Esto último no es, sin embargo, tan exacto como en principio se nos aparece. Cabe agregar a ello, que si bien es cierto esta tendencia ha definido la filosofía y el curso de la misma a través de la historia, ella no podría ser imputable a todo el conjunto de cosas que se agrupan bajo el nombre de filosofía, pues esta disciplina también ha sido expresión de un principio disolvente de las formas regulares de vida y una puesta en crisis de los sistemas de habitualidad. Esta última tendencia en la filosofía ha caracterizado su quehacer en los últimos años, y es a eso a lo que en un sentido restringido nos permitiremos llamar en este curso indistintamente como episteme unmaking, o simplemente como deconstrucción.

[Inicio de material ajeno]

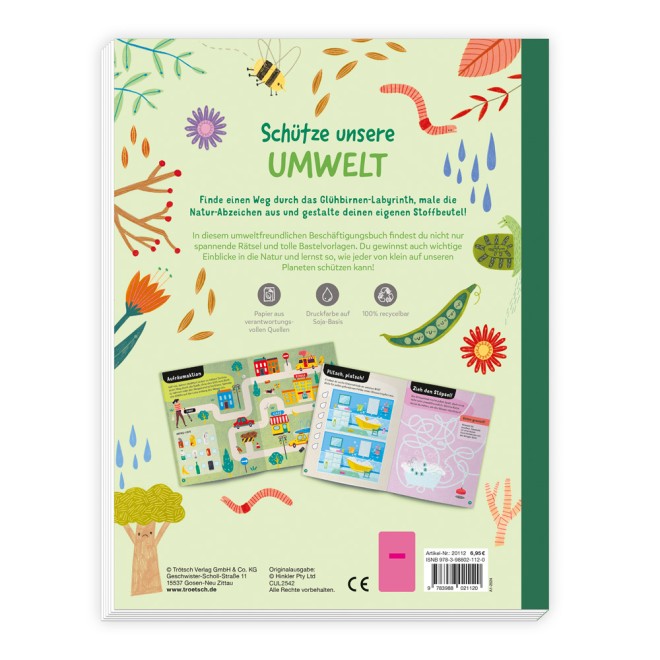 Beschäftigungsbuch "Schütze unsere Umwelt-Natur"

Con lo dicho hasta aquí tenemos los elementos suficientes como para desplegar una primera imagen sobre la filosofía. Ello, sin embargo, no es suficiente a la hora escrutar todas sus posibilidades, pero nos ofrece, en cambio, un marco teórico en el que situar nuestra reflexión y avanzar en nuestra comprensión de la filosofía. Por esa razón, el discernimiento de la filosofía como un proyecto teológico-político-gramatical, cuya teleología se identifica con la consecución de la plenitud del sentido, la comunicabilidad total y el sueño de la comunidad única, debe entenderse siempre como un punto de partida hacia el que constantemente habría que retornar en las siguientes consideraciones.